(GIVEN DATA Opens)

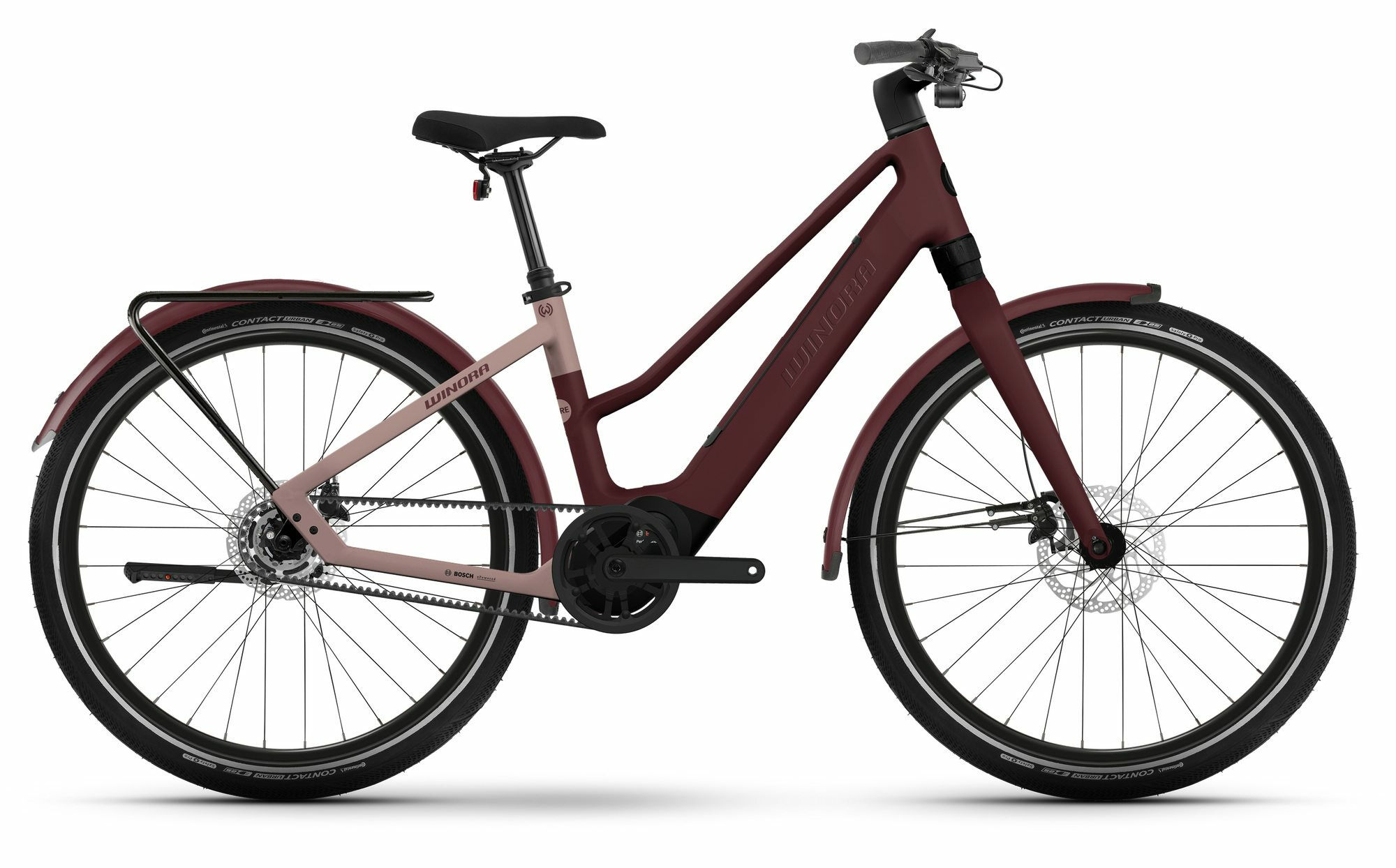 Winora iRide Pure R5f red velvet matt, rose tan matt 2024 27,5"; 400 Wh Trapez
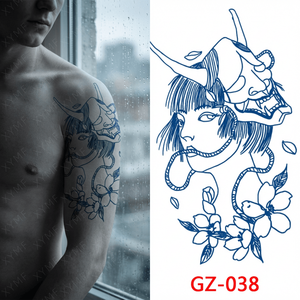 <span class=keywords><strong>Tatuajes</strong></span> Temporales Realistas a Prueba <span class=keywords><strong>de</strong></span> Agua para Hombres y <span class=keywords><strong>Mujeres</strong></span>, Color Azul Oscuro, Larga Duración <span class=keywords><strong>de</strong></span> 2 Semanas, para Cuerpo y Rostro - Product Image 6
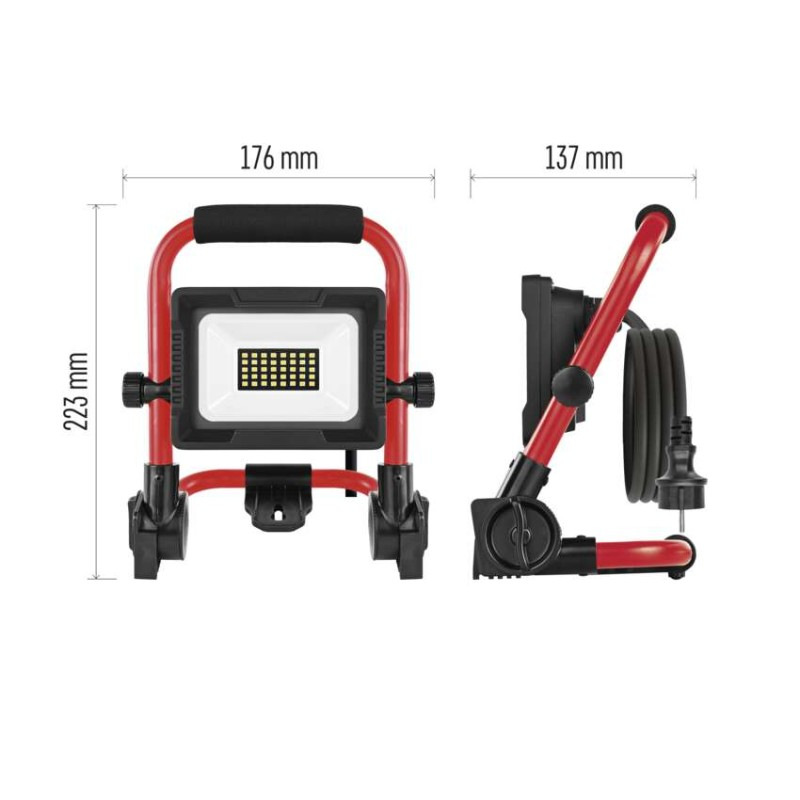 LED reflektor ELION 20W, červeno-čierny, IP65, 3000 lm, neutrálna biela 4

(GIVEN DATA Closes)

Word for word, give the listing above again, but drop any pictures.

 Winora iRide Pure R5f red velvet matt, rose tan matt 2024 27,5"; 400 Wh Trapez
 <span class=keywords><strong>Tatuajes</strong></span> Temporales Realistas a Prueba <span class=keywords><strong>de</strong></span> Agua para Hombres y <span class=keywords><strong>Mujeres</strong></span>, Color Azul Oscuro, Larga Duración <span class=keywords><strong>de</strong></span> 2 Semanas, para Cuerpo y Rostro - Product Image 6
 LED reflektor ELION 20W, červeno-čierny, IP65, 3000 lm, neutrálna biela 4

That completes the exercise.